Llegó Horacio y resonaron las fanfarrias. Él, con su porte retacón y malhablado, se paró ante la afluencia en vestiduras blancas, agitando brazos, creyéndose un semidiós. Adornado con un rojo pañuelo al cuello sonreía y se golpeaba el pecho, en un gesto de agradecimiento tan falso como el halago del gentío que aclamaba su nombre.

El emperador sabía que esas alabanzas cuestan caro, pero siempre es más fácil racionar fortuna cuando está en juego el poder. Los convencionales del coliseo reclamaban sangre a cualquier costo. Y las víctimas del bárbaro espectáculo no tardarían en aparecer.
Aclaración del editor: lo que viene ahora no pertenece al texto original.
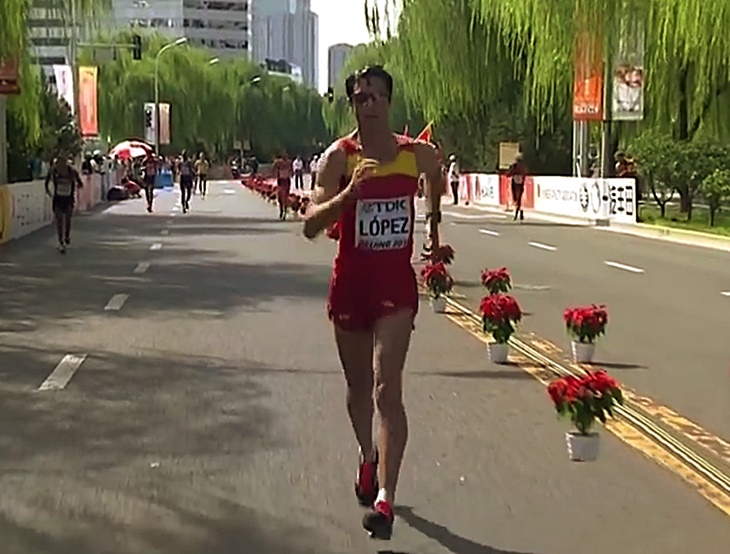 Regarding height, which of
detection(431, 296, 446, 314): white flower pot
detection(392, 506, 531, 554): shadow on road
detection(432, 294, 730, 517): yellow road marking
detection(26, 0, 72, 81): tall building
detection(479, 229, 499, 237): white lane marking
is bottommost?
detection(479, 229, 499, 237): white lane marking

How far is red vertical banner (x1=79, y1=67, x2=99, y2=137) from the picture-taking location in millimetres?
54188

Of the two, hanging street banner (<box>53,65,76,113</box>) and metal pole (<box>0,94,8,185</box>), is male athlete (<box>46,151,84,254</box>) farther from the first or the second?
hanging street banner (<box>53,65,76,113</box>)

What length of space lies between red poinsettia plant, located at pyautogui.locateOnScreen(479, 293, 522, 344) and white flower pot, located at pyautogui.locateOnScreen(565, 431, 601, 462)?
11.9 ft

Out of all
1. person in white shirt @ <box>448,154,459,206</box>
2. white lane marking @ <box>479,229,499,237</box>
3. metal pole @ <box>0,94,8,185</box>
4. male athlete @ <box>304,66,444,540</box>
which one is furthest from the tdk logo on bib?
person in white shirt @ <box>448,154,459,206</box>

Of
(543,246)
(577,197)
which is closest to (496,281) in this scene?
(543,246)

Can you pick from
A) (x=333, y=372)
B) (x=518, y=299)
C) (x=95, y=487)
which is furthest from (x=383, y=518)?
(x=518, y=299)

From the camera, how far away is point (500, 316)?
1131cm

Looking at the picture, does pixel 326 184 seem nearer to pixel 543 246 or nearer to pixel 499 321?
pixel 499 321

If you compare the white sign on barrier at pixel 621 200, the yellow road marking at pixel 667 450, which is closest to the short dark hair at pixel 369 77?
the yellow road marking at pixel 667 450

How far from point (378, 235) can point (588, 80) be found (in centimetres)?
2921

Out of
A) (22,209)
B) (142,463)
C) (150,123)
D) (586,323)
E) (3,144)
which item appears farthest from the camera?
(150,123)

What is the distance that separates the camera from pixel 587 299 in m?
17.3

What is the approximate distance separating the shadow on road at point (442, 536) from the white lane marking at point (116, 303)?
975cm

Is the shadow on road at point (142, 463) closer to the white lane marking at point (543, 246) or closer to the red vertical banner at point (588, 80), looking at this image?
the white lane marking at point (543, 246) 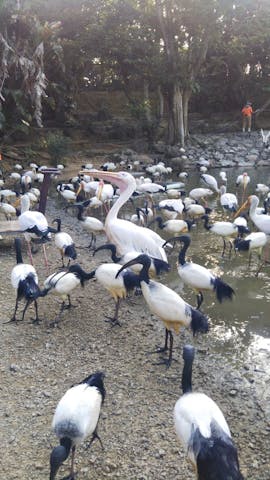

El emperador escuchó el clamor viniendo desde la arena y de inmediato, para mantener al coro de lisonjeros arengando su ¡larga vida al rey!... decidió bajar el pulgar.

Lo hizo sin titubear. Desnudando una vez más que su criterio imperial está subordinado al reclamo de su séquito de adulones, antes que al pueblo al que juró servir años atrás.

Francisco fue el primero en ser inmolado. Sus magros resultados de gestión no fueron el motivo de la condena, fue lo azulado de su fe política.

El segundo en caer tenía que ser Santiago, pero este sorprendió a todos renunciando a su dignidad. Y ante la mirada atónita del pueblo entero se postró ante el rey.

El soberano, con una sonrisa maliciosa, lo bendijo colocándole el rojo lienzo de la traición a su fe política.

Santiago, intentando disimular la humillación por salvar el pellejo, exclamó: “Esto lo hago por convicción”. Y de inmediato Zacarías, uno de los más corruptos de la corte con una socarrona sonrisa, replicó: “Esto no me gusta para nada, su lenguaje es una competencia para nosotros”.

Otro, siguiendo el juego mentiroso, añadió: “Rapidísimo tiene discurso colorado”.

En este ambiente cada vez más cercano a la guerra por el poder, serán Soledad y Fernando los próximos en entrar a la arena del coliseo republicano. Porque tarde o temprano le reclamarán al emperador que sus afiliaciones aún no se han teñido en rojo.

Entonces ellos tendrán que decidir: convertirse en dignos mártires políticos, o postrarse ante el lóbrego emperador.